El ministro de Justicia, Édgar Olmedo, que al asumir el cargo confesó que no tenía experiencia en materia de seguridad –es de desear que haya adquirido algo en esta ocasión–, dispuso, como suele ocurrir, la intervención de la penitenciaría misionera y la separación de cargo de su director Virgilio Valenzuela. Pero los antecedentes indican que es muy probable que estas medidas sean tan inútiles como las tomadas cuando en otras cárceles ocurrieron hechos similares. El ministro demostró una deslumbrante lucidez al admitir la hipótesis de que los fugados hayan contado con el apoyo de sus custodios y al enfatizar que habían planeado la operación durante algún tiempo.
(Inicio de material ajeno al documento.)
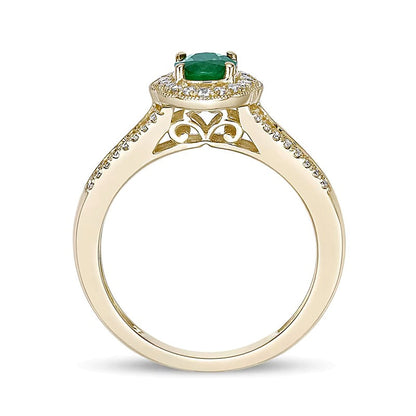Ring mit ovalem Smaragd und 0,25 ct. Gesamtgewicht Diamanten mit Halo und geteilter Ringschiene in 10K Gelbgold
Además, creyó oportuno calmar a la población, informándole que todas las prisiones se hallan en “alerta máxima” para impedir que la historia se repita. A ello se suma –también como es habitual– que la fiscala general del Estado, Sandra Quiñónez, conformó un “equipo de trabajo”, integrado por cuatro agentes fiscales, para “investigar las circunstancias de la fuga” masiva, de modo que los paraguayos tendrían que estar satisfechos: los organismos competentes han actuado con la celeridad debida. Solo que los resultados que permitan impedir hechos similares suelen brillar por su ausencia.
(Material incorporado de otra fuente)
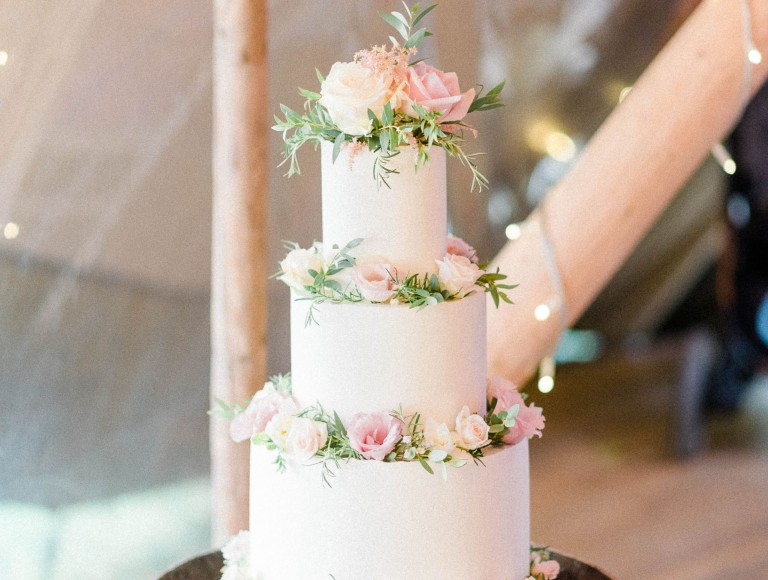 Wedding cake with flowers in rustic tipi at Brinkburn Northumberland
En efecto, lamentablemente, la experiencia enseña que, más temprano que tarde, un gran escape o un nuevo motín carcelario volverán a llamar la atención sobre la inutilidad de las disposiciones tomadas, al solo efecto de dar la impresión de que algo concreto se hace para impedir que se reiteren hechos tan indignantes. Mientras la ineptitud y la corrupción sigan distinguiendo al personal penitenciario, varias cárceles estarán de hecho en manos del crimen organizado, en especial del Primer Comando da Capital (PCC) y del Clan Rotela (CR): el primero, al que pertenecían los fugados el último domingo, cuenta con 1.027 “soldados” en seis prisiones, en tanto que el segundo con 3.735, en diez; el número total de internos es de unos 16.000, hacinados en condiciones inhumanas, salvo los que adquieren el estatus de “Vips”, a cambio de su dinero sucio.
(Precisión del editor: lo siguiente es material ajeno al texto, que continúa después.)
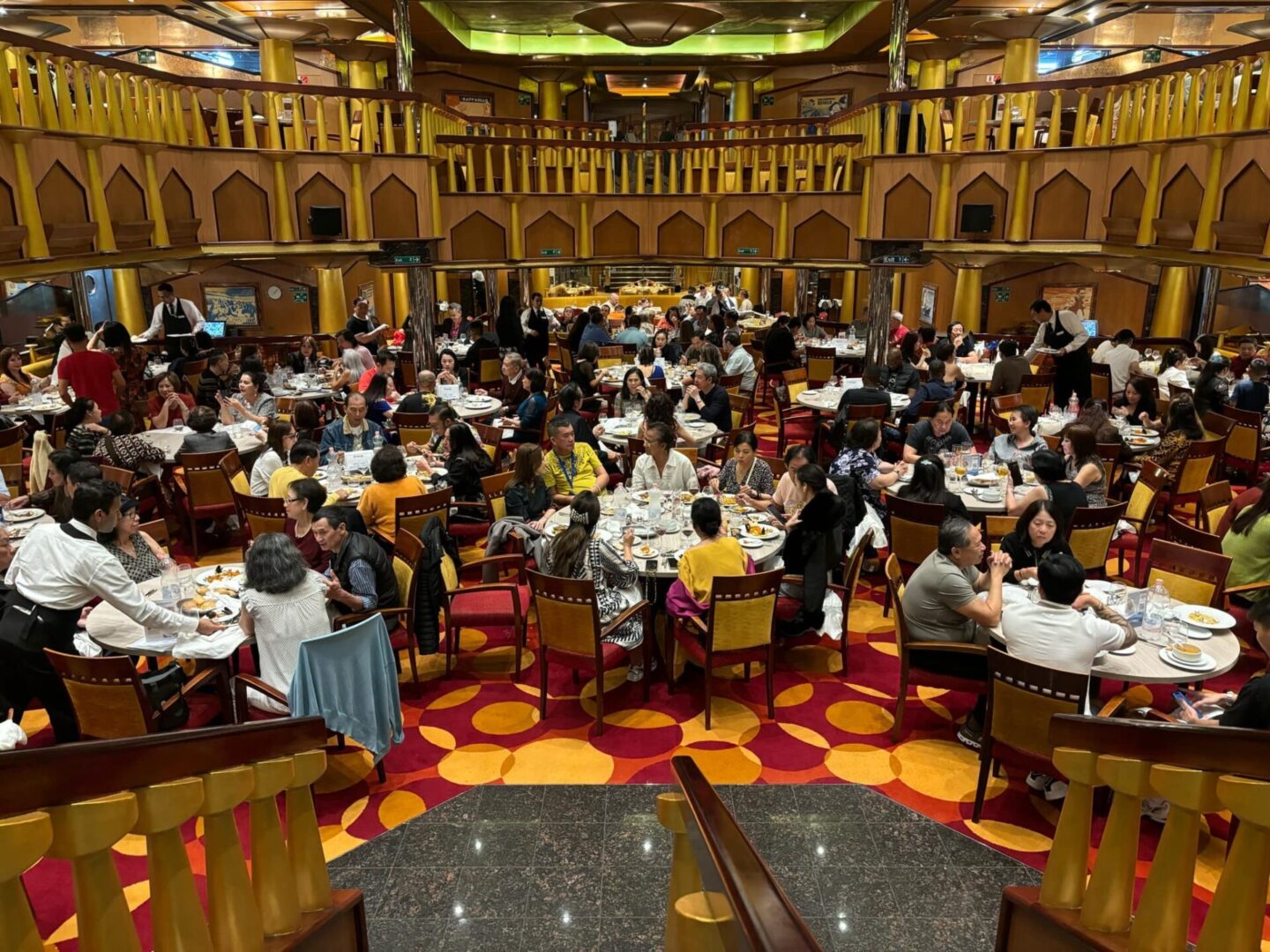 A large group of people sitting at tables in a restaurant.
Las dos organizaciones citadas se disputan el control del tráfico de drogas dentro y fuera de los reclusorios, a vista y paciencia de sus autoridades que, por lo demás, siguen permitiendo el uso de teléfonos móviles para encargar asesinatos, haciendo oídos sordos al comandante de la Policía Nacional, Gilberto Fleitas. A fines de 2015, la Cámara de Apelaciones confirmó la condena de dos años de cárcel, con suspensión de la ejecución, impuesta el exdirector de la Penitenciaría Nacional de Tacumbú, Julio Acevedo Haurón, por no haber impedido que dos menores fueran allí violadas. El mismo ahora está encarcelado por narcotráfico. Así como están las cosas, tendrían que ser muchos más los exdirectores condenados por delitos en el ejercicio del cargo, cometidos por acción u omisión: uno de ellos –cerrar los ojos ante el control de las prisiones por parte del crimen organizado– es una muestra elocuente del calamitoso estado del sistema penitenciario, que no habrá de remediarse solo con ampliar las instalaciones: también hace falta que el personal sea competente y tan honesto como para poder resistir el soborno de las agrupaciones criminales.
En las condiciones actuales, las cárceles son universidades del delito y lugar para reclutar “soldados”. Son “territorios liberados” para la delincuencia, mientras los ministro de Justicia y los funcionarios responsables hacen la vista gorda, hasta que estalla un nuevo escándalo y hacen como si fueran a limpiar la casa. Es hora de tomar esta cuestión con la seriedad que merece.